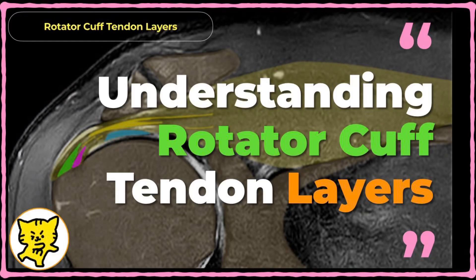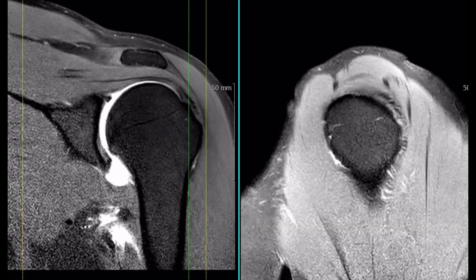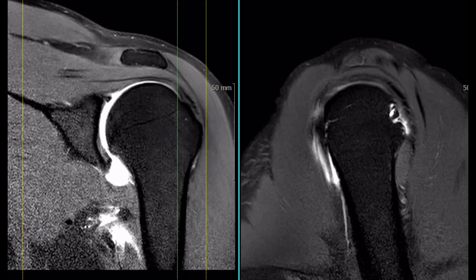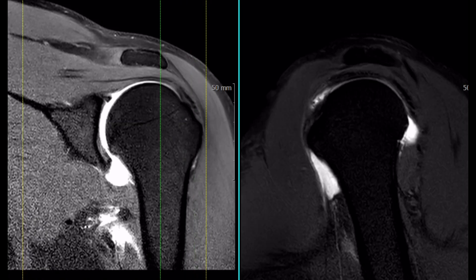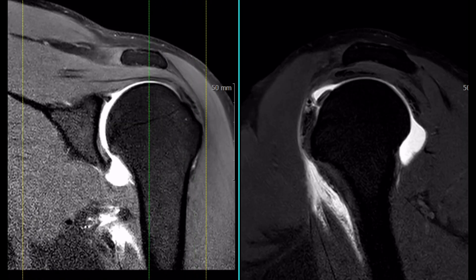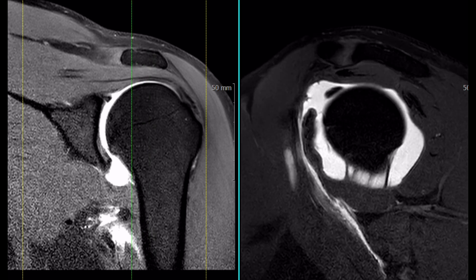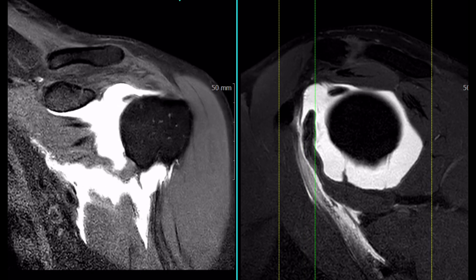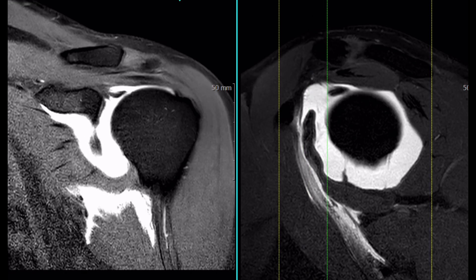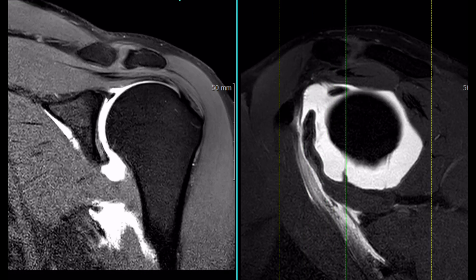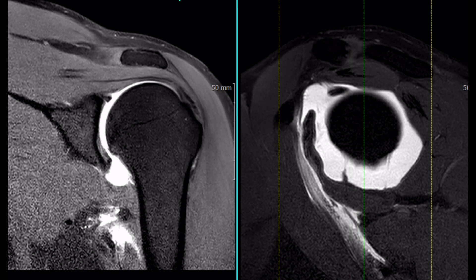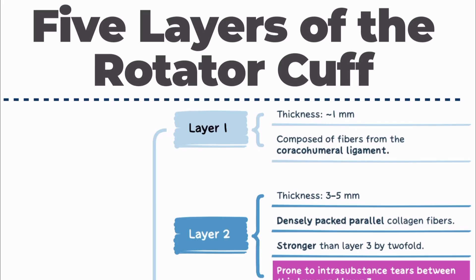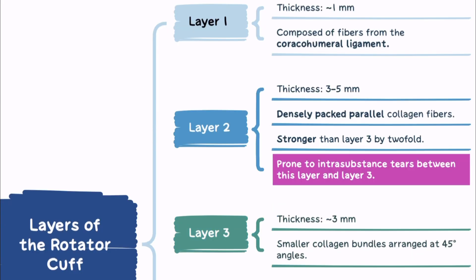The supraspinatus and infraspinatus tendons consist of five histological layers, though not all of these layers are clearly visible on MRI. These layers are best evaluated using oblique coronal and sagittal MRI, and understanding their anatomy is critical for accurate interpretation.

┄┄┄┄┄┄

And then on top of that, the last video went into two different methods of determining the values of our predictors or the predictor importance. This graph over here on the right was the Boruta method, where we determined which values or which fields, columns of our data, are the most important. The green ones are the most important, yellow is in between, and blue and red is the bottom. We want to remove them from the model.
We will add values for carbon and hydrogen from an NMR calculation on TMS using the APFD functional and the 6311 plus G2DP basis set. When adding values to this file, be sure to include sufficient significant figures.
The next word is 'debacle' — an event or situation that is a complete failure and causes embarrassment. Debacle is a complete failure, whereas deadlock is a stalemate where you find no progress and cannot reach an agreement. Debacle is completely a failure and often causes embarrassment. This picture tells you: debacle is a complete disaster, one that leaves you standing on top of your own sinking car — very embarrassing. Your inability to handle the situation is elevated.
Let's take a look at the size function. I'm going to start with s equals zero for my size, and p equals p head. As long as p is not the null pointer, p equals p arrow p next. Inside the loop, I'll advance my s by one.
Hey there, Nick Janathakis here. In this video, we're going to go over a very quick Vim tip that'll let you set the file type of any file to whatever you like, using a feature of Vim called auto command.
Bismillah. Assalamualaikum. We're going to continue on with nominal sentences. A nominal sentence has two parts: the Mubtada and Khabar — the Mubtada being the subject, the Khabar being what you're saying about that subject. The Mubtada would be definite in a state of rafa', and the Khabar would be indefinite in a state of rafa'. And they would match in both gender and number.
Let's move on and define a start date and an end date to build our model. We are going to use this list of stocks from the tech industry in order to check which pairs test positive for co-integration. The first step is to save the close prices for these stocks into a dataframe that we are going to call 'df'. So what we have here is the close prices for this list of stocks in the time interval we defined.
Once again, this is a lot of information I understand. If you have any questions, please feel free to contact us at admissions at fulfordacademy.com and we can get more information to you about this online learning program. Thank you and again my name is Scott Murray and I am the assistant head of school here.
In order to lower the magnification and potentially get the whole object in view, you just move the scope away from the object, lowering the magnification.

┄┄┄┄┄┄

- [WORK REQUIRED]: Reproduce the entries above exactly, but only the lines between the line holding "Bismillah. Assalamualaikum. We're" and the line holding "Let's move on", inclusive.

- [EXERCISE RESPONSE]:
Bismillah. Assalamualaikum. We're going to continue on with nominal sentences. A nominal sentence has two parts: the Mubtada and Khabar — the Mubtada being the subject, the Khabar being what you're saying about that subject. The Mubtada would be definite in a state of rafa', and the Khabar would be indefinite in a state of rafa'. And they would match in both gender and number.
Let's move on and define a start date and an end date to build our model. We are going to use this list of stocks from the tech industry in order to check which pairs test positive for co-integration. The first step is to save the close prices for these stocks into a dataframe that we are going to call 'df'. So what we have here is the close prices for this list of stocks in the time interval we defined.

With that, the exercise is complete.